Across the records that follow, count each line holding "featuring", and write only the total.

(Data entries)
• • • • • • •

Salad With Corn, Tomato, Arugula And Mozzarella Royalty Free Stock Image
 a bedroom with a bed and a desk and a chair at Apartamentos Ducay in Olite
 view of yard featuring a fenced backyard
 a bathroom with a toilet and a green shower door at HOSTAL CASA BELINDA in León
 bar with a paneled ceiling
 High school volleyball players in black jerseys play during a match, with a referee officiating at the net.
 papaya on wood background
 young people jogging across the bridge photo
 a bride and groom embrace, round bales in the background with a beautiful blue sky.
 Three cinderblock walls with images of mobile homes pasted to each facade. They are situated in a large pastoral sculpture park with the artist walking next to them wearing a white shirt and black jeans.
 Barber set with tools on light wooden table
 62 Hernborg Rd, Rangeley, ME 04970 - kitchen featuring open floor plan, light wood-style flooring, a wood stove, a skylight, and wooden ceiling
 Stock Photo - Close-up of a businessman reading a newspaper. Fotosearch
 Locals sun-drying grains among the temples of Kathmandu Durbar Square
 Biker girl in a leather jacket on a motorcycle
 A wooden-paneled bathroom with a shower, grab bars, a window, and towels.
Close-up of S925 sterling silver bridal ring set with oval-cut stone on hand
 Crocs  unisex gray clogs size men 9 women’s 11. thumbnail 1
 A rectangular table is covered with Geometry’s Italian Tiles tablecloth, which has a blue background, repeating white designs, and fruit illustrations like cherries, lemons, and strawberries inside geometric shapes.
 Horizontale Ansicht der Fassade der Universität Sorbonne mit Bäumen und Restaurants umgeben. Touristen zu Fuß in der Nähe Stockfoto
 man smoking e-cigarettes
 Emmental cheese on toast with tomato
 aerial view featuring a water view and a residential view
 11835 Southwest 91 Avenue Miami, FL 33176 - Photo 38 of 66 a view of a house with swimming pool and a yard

• • • • • • •

» TASK SOLUTION
3